### EXERCISE DETAILS:
Each line from the start of the entries through the line that contains "Before we end, to" should be output exactly, please.

### TASK MATERIAL:
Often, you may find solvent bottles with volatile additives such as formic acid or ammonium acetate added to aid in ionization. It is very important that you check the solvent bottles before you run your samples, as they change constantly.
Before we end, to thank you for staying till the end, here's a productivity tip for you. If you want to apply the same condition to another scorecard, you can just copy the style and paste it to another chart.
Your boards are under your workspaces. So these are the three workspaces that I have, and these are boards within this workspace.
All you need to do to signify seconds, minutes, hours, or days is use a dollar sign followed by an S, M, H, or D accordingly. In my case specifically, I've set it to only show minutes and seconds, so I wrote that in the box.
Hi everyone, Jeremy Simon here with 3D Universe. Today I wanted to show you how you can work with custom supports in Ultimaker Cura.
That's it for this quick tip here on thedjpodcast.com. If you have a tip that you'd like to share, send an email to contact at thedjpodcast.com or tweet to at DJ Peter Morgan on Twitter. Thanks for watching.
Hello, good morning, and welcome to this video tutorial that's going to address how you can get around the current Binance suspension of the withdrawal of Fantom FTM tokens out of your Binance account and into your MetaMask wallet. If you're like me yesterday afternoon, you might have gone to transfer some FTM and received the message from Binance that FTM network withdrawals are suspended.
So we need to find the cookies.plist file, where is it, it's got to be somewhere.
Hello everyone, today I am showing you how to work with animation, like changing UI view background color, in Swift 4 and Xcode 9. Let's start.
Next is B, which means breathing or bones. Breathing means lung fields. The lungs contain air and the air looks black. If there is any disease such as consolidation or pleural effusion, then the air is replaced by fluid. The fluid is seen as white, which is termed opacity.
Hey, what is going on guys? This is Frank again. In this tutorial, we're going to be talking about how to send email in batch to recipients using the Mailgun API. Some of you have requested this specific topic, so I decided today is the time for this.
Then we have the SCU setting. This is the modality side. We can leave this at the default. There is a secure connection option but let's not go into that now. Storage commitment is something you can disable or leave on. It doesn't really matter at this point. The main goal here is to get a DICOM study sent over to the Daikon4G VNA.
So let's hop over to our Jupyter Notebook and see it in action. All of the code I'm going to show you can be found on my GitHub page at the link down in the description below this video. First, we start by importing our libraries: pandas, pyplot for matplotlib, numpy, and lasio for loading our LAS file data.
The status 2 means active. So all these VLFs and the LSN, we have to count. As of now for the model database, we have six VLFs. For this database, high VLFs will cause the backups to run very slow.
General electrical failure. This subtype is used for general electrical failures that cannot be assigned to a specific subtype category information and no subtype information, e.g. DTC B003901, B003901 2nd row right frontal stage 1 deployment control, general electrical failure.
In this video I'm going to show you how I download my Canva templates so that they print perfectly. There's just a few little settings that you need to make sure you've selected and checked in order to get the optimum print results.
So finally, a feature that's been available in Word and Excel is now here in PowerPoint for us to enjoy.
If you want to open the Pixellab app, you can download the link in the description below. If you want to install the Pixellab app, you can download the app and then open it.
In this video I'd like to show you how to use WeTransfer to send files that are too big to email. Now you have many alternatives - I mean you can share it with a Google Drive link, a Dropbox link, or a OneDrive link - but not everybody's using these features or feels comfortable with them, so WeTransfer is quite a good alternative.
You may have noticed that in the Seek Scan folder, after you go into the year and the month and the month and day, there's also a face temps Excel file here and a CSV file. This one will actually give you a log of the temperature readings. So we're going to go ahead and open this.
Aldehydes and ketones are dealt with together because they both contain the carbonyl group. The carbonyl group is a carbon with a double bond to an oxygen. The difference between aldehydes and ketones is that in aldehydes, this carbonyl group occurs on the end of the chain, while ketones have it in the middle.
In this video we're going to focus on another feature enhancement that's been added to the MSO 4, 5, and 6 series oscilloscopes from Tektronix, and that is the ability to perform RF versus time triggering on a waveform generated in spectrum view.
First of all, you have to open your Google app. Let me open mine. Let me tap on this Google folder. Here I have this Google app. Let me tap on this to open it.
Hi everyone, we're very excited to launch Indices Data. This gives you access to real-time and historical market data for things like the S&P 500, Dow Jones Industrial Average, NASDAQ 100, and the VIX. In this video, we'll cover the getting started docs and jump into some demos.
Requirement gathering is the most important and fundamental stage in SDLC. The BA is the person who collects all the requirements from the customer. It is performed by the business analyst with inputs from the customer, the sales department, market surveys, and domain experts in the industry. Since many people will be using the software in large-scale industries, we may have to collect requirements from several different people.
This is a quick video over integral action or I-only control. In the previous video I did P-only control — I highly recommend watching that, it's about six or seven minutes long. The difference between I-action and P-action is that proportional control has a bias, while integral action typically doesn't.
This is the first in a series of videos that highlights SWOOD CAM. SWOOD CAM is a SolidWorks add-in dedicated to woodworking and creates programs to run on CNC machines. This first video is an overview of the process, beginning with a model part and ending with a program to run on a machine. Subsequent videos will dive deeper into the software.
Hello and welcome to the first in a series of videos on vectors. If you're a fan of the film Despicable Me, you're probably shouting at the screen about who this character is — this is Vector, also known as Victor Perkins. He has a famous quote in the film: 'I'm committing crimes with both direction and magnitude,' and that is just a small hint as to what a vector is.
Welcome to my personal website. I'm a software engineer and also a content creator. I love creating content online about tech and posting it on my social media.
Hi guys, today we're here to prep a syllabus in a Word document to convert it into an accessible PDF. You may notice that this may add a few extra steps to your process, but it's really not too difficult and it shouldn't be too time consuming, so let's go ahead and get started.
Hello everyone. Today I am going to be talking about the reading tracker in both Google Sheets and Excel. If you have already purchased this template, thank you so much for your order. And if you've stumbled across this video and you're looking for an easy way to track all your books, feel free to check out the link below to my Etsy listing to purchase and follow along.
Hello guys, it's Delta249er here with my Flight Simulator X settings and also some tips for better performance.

### ANSWER SECTION:
Often, you may find solvent bottles with volatile additives such as formic acid or ammonium acetate added to aid in ionization. It is very important that you check the solvent bottles before you run your samples, as they change constantly.
Before we end, to thank you for staying till the end, here's a productivity tip for you. If you want to apply the same condition to another scorecard, you can just copy the style and paste it to another chart.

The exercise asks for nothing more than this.